# 9. Cluster probability¶

Todo

Not finished.

ASteCA evaluates the probability that a spatial overdensity is a true stellar cluster, rather than a random aggregate of field stars.

This is done via the kde.test function provided by the ks package, written for the R statistical software. The function applies an N-dimensional kernel density estimator (KDE) based algorithm, to asses the similarity between two N-dimensional arrangements of elements. In our case, the arrangements are CMDs, TCDs, or any arbitrary N-dimensional photometric diagram (PD), and the elements are obviously observed stars. The result of this comparison is quantified by a p-value.

The p-value of a hypothesis test is the probability, assuming the null hypothesis is true, of observing a result at least as extreme as the value of the test statistic.

Modern Statistical Methods for Astronomy - Feigelson & Babu (2012)

A strict mathematical derivation of the method can be found in Duong et al. (2012).

The null hypothesis, $$H_0$$, is that both PDs were drawn from the same underlying distribution, where a lower p-value indicates a lower probability of $$H_0$$ being true. The function is used to compare the cluster region’s PD with the PD of every defined field region, and the PD of each field region with that of the remaining field regions. This results in two sets of p-values: one for the cluster vs field region analysis, and another for the field vs field region analysis.
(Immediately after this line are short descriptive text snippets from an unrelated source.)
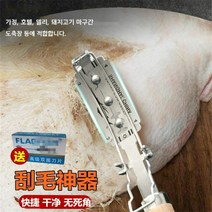 정육칼 정육점 면도기 나이프 돼지 소 양 고기 업소용 털 제거기, FREE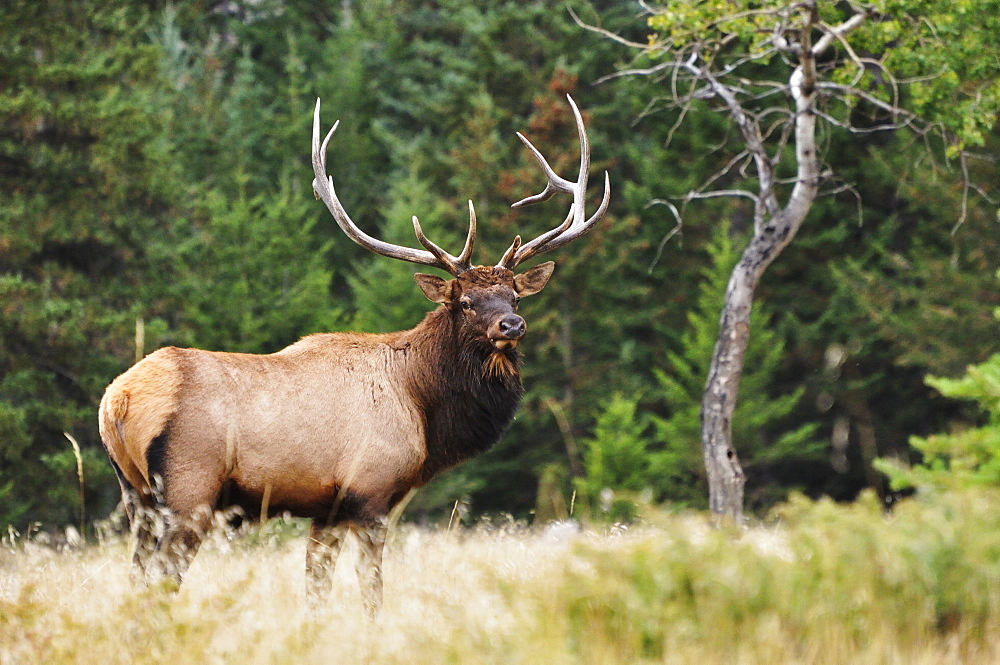 Elk (wapiti), Jasper National Park, Alberta, Canada, North America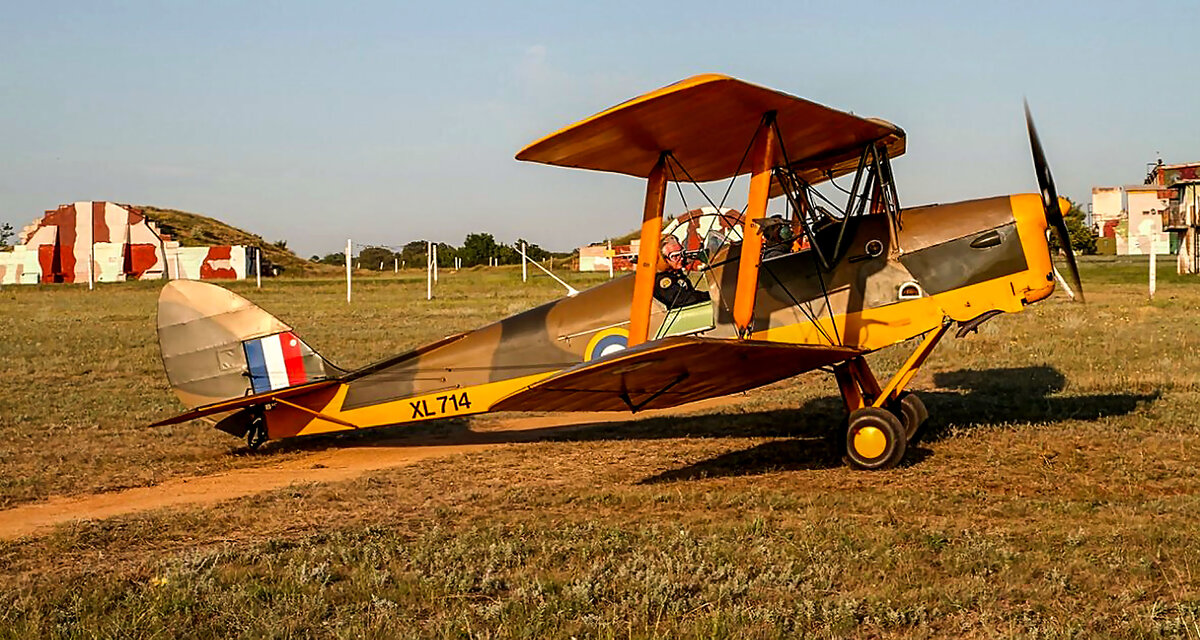 Тайгер мот. - Сергей Воротников Тайгер мот. - Сергей Воротников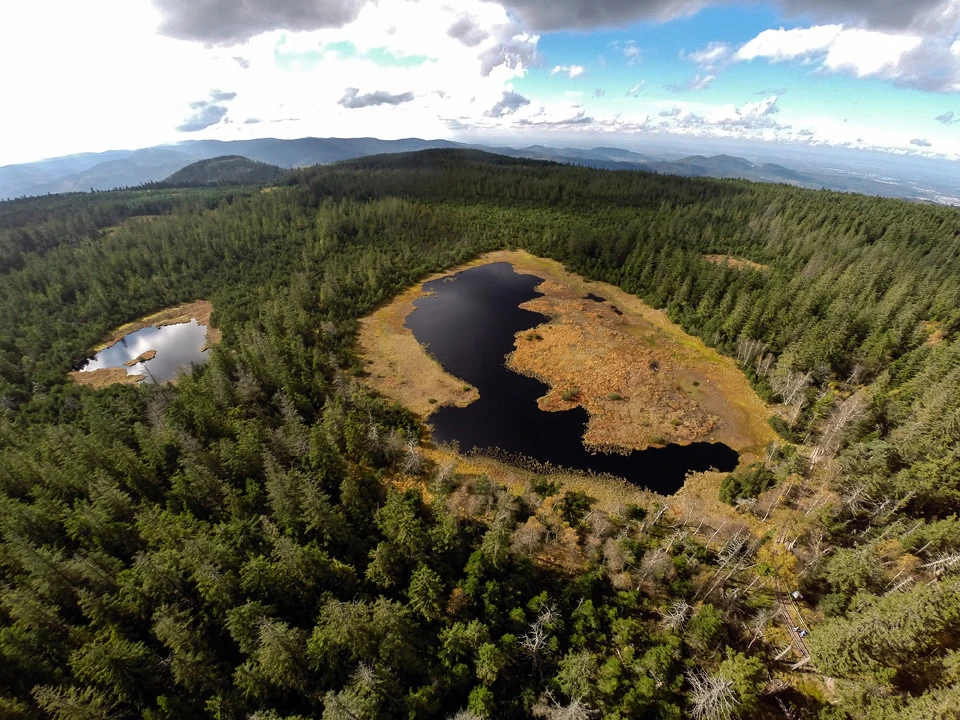 Hornsee und Hohlohsee Kaltenbronn Fotograf Joachim Gerstner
The entire process is repeated a fixed number of times (100 by default). For each run a random shift is applied to the position of stars in the PDs before the calculus is made, to account for photometric errors.

The two sets of p-values are smoothed by a one-dimensional KDE resulting in the curves shown in Fig. 9.1. The blue and red curves represent the cluster vs field region and field vs field region PD analysis. For a real star cluster we expect the blue curve to show lower p-values than the red curve, meaning that the cluster region PD has a different arrangement of stars when compared whit the PDs of surrounding field regions.
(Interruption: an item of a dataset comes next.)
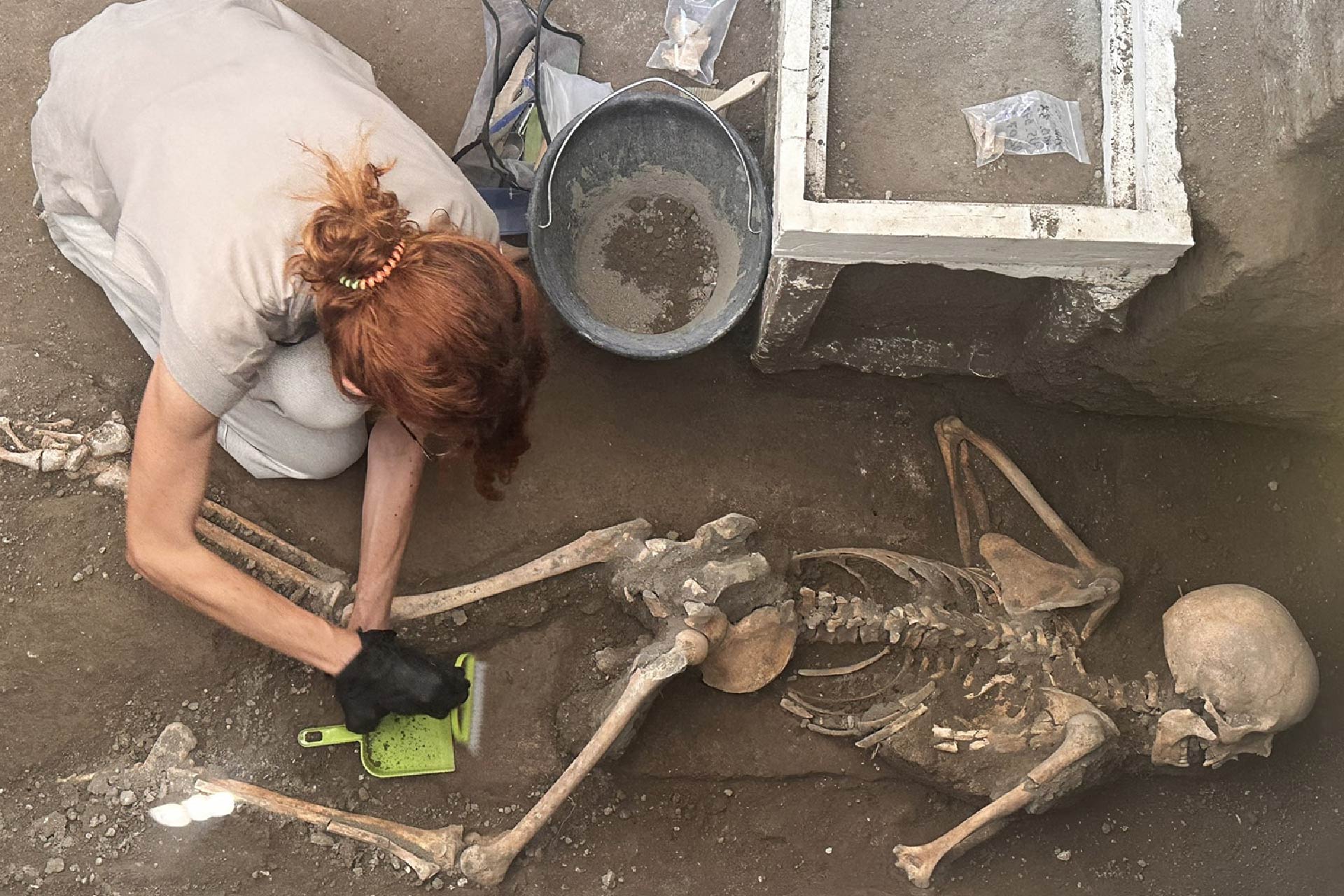 An archaeology cleaning the area around the skeleton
Fig. 9.1 Left: Function applied on a synthetic cluster, the curves are clearly separated with the blue one ($$KDE_{cl}$$, cluster vs field regions PD analysis) showing much lower values than the red curve ($$KDE_{fl}$$, field vs field region PD analysis). The final probability value obtained is close to 1 (or 100%). Right: same analysis performed on a field region where no cluster is present. The curves are now very similar resulting in a very low probability of the region containing a true star cluster.

Both curves represent probability density functions, which means their total area is unity. Their domains are restricted between [0,1] with a small drift beyond these limits due to the 1D KDE processing. The total area that these two curves overlap (shown in gray in the figure) is thus a good estimate of their similarity. This means that the overlap area is proportional to the probability that the analyzed region holds a true cluster.

An overlap area of 1 means that the curves are exactly equal, pointing to a very low probability of the overdensity being a true cluster; the opposite is true for lower overlap values. We thus obtain the probability that the overdensity is a real cluster as:

$P_{cl}^{KDE} = 1-overlap$

These values are shown in Fig. 9.1 in the upper left corner.